**Task directions:** All lines from the one that has "chambre XXX. Plan de 1 pièce et 7 m2" onward to the end of the records below are to be returned exactly; pictures are to be skipped.

(Material for the task Opens)

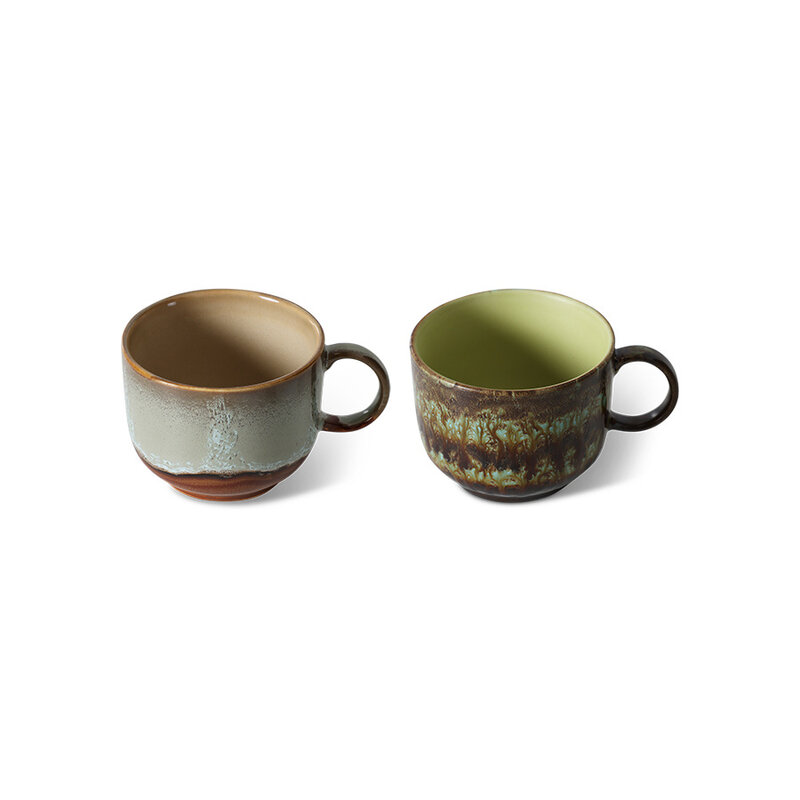 HKLIVING-collectie 70s keramiek: theemokken odyssey (set of 2)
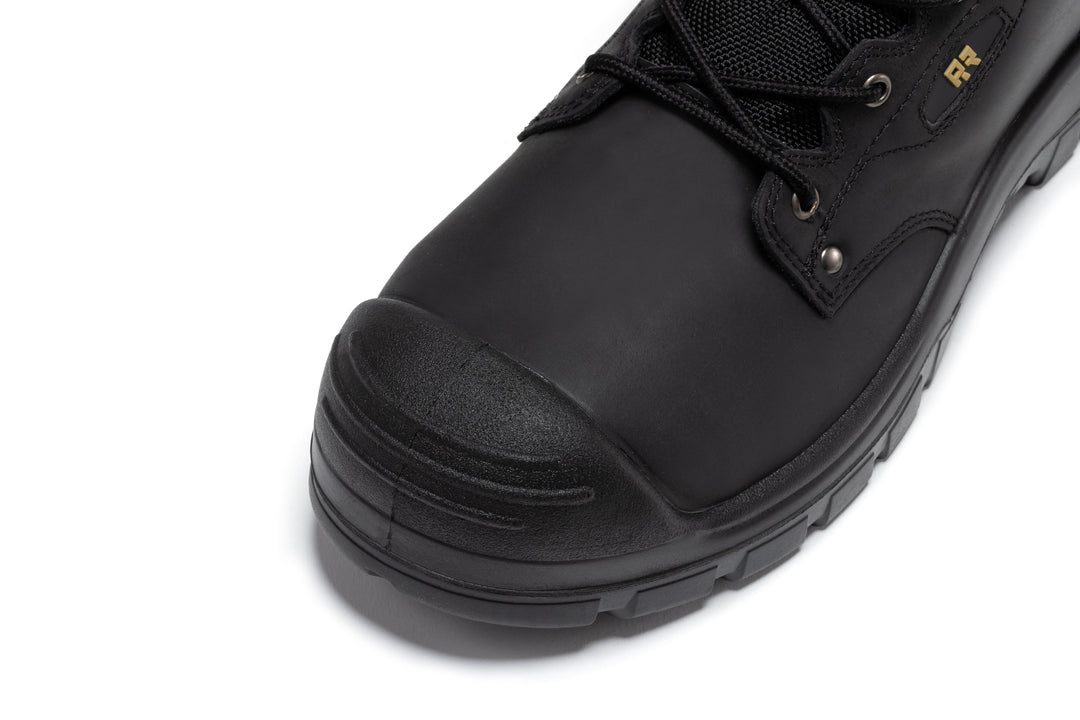 ROCKROOSTER Woodland Black 6 inch Waterproof Composite Toe Leather Work Boots AK662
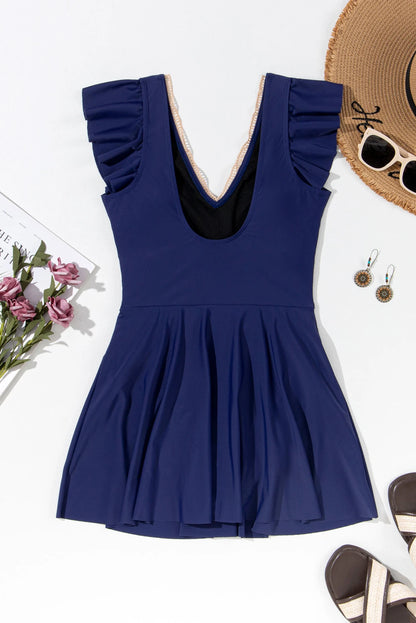 Ruffle Lace Trim V-Neck Short Sleeve Swim Dress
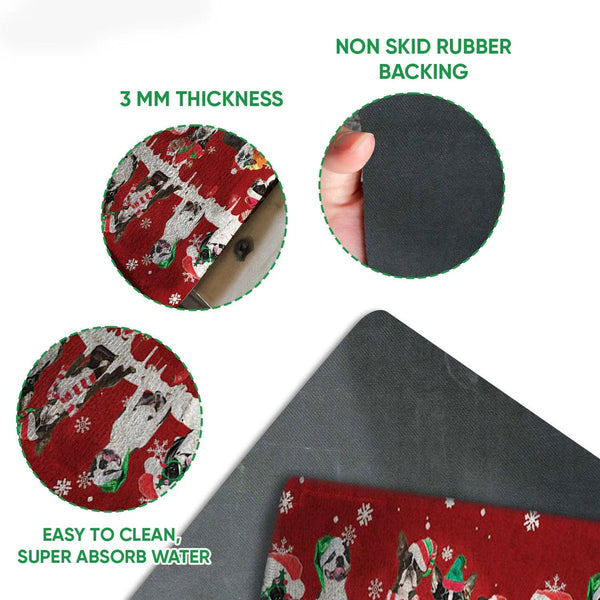 Snowflake Holiday Dog Welcome Mat, Boston Terrier Christmas Doormat, Winter Porch Door Mat, Boston Terrier Entry Rug, Xmas Pr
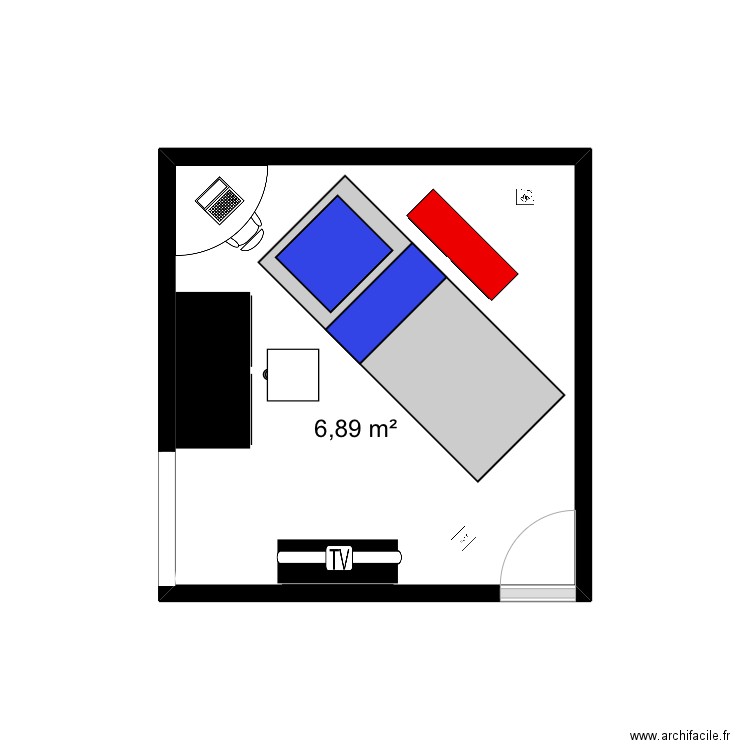 chambre XXX. Plan de 1 pièce et 7 m2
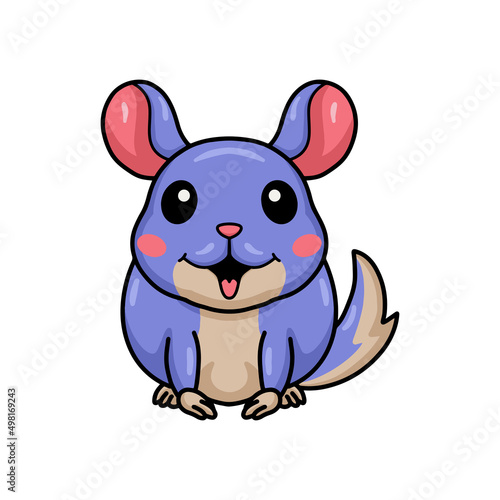 Cute little chinchilla cartoon character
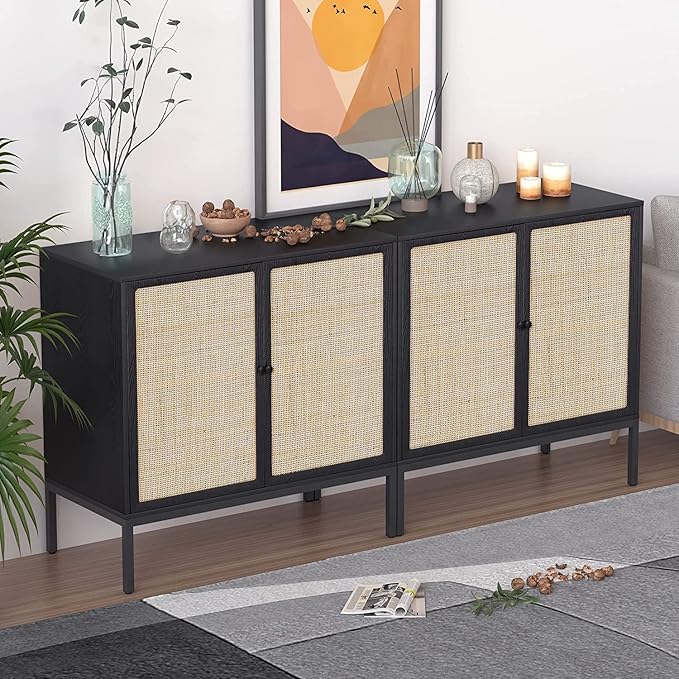 XIAO WEI Sideboard with Handmade Natural Rattan Doors, Rattan Cabinet Console Table Storage Cabinet Buffet Cabinet, for Kitchen, Living Room, Hallway, Entryway, Black - LeafyLoom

(Material for the task Closes)

**Result:**
 chambre XXX. Plan de 1 pièce et 7 m2
 Cute little chinchilla cartoon character
 XIAO WEI Sideboard with Handmade Natural Rattan Doors, Rattan Cabinet Console Table Storage Cabinet Buffet Cabinet, for Kitchen, Living Room, Hallway, Entryway, Black - LeafyLoom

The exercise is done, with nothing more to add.